ということで、秋冬の帽子。例えばベースボールキャップをかぶるにしても、普通のコットンツイルだと物足りない。というか野球部。で、もう少し質感や季節感が欲しい。個人的にここ数年でいくつも購入しているのがオーストリアの Muhlbauer (ミュールバウアー)のもの。10年前はビームスでもメンズを取り扱っていましたが、いまはウィメンズのみの展開。仕方なく本国のオンラインストアから通販しています。昨年買ったローデンクロスのキャップも気に入っていますが、今シーズン入手したのは太畝コーデュロイ素材で耳当て付きのもの。被り口が浅くバランスが取りやすく、グレーという色目もアーバン感高め。ちなみにここの帽子、製品に手書きのサインが入ったタグが付いていて、つまり「私が作りました」という印なんですね。農家の人達が両手にトマトを持って最高の笑顔で写っている写真を妄想してしまうような、そんな素朴さも Muhlbauer の魅力。
ここの帽子をよ~く見てみるとツバのカットが左右ビミョーに非対称だったり、ステッチが所々曲がっていたりと随所に見られる手作り感。日本メイドの緻密さとはまた違う、愛嬌や哀愁(?)を感じることができます。よく言えば「味わい」、虫食いの跡がある無農薬野菜のようなイメージでしょうか。

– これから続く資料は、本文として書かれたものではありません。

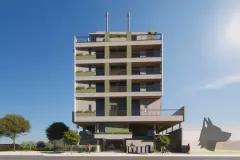 Fachada frontal do edifício de 8 andares com jardins e entrada principal — Adore Smart Nova Cachoeira em Cachoeira do Bom Jesus, Florianópolis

この Muhlbauer という帽子屋の歴史は非常に古く、なんと1903年創業!10年近く前にウィーンを旅行した際に市内中心部にあるショップに立ち寄ってみたことがあります。老舗のクラフト感とファンタジックなファッション性に溢れた非常に面白いお店でした。パリやミラノのモード観とは一味違った「下手ウマ」的ローカリズムはグロバリゼーションにさらわれてしまいそうな今のファッションに良い意味で違和感を持ち込んでくれそうです。帽子と一緒に届いたポストカードから伝わってくる、このとぼけたナンセンスムード。ヨーロッパやニューヨークのように耳がちぎれ飛ぶような寒さがやってくるわけでもない東京の冬に、この耳当て付きの間抜けなキャップを被る僕のナンセンスな脳ミソ。やっぱり、実用性よりも気分で服を選んでしまうんです。